Хава нагила

                Ветви хлестали по лицу, оставляя красные вспухшие полосы. Острый сучок воткнулся в бровь и тут же по лицу заструилась горячая темная кровь, заливая правый глаз. Он бежал сквозь кусты, без дороги, без направления, падая и поднимаясь. Должно было стать легче. Так было еще в детстве - он бежал, бежал и убежал от своей боли. Сейчас не получалось.

                Споткнувшись о большую корягу,  Ян упал плашмя. В открытый рот набились опавшие листья вместе с землей. Он корчился словно большой червь, заталкивал в рот горстями землю с листьями и сучками, царапал черное от грязи и крови лицо… А перед зажмуренными глазами все время видел ее затылок. Мощная спортивная шея. На коротко стриженом затылке в ямочках, с двух сторон от позвоночника, спускались два симметричных черных завитка. Бить надо было в этом месте, над красным воротником ветровки. Главное, чтобы она не оглянулась. Надо спешить!
 
                Он не помнил, как достал на ходу из дипломата небольшой топорик, которым дома рубили кости. Не помнил, как замахивался… Помнил только внезапную слабость в руках от ощущения прикосновения лезвия к препятствию, живому препятствию…

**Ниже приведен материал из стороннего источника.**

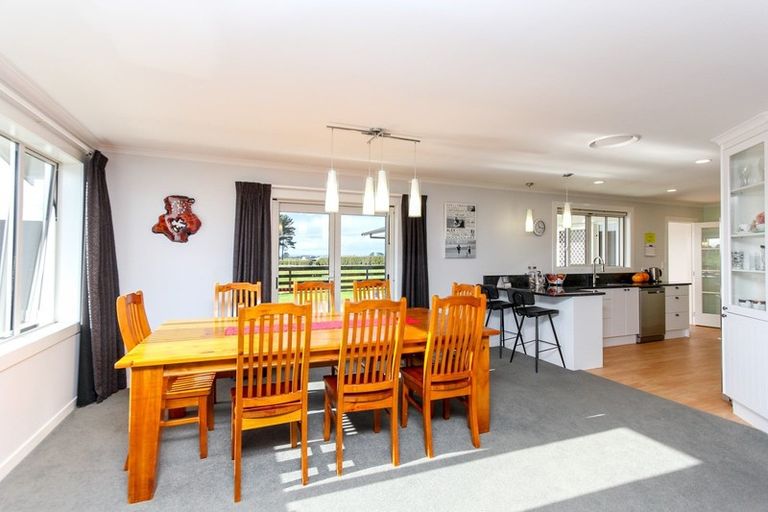 Photo of property in 55 Brecon Road S, Stratford, 4332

                *  *   *   *

                - Почему, Лена?
Ленка молчала.
                - Почему? У тебя кто-то есть?
Ленка молчала, отвернувшись к окну.

      А ведь она совсем некрасивая.
 
      Галка даже симпатичнее. Хорошая она, Галка. В тамбур вышла из деликатности. Почему он не влюбился в Галку? Кто знает, может быть сейчас в тамбуре стояла бы Ленка?
 
      Нет! Ленка бы в тамбуре не стояла. Ее невозможно представить третей лишней. Она всегда первая. Всегда главная. Не баба – мужик. Невысокая, коренастая, ни грамма косметики. Голос низкий, хрипловатый. Всегда в джинсах. Танцевать не умеет. Топчется на месте, даже попой не вильнет. Лицо у нее неприметное - широкие скулы, крупный нос, маленький тонкогубый рот. Но вот глаза! Да, главное в ней – глаза! Карие, с поволокой.
 
                Он понял, что по уши влюблен на первом курсе, когда увидел ее на конкурсе самодеятельности. Она пела «Хава Нагилу» на иврите. Как удар молнии поразил Яна. Что-то древнее, пряное, мучительное захватило, закачало душу. Когда-то маленьким мальчиком он уже слышал эту мелодию – так пела мама, прижимая его к себе, касаясь губами маленького ушка. Мама! Она тогда была жива. Ян помнил, как она пахла, какие теплые у нее были руки. Мама!
         
                Хава нагила, хава нагила, хава нагила
                Вэнисмэха!

На глаза навернулись непрошеные слезы, и он убежал из зала, чтобы никто их не увидел.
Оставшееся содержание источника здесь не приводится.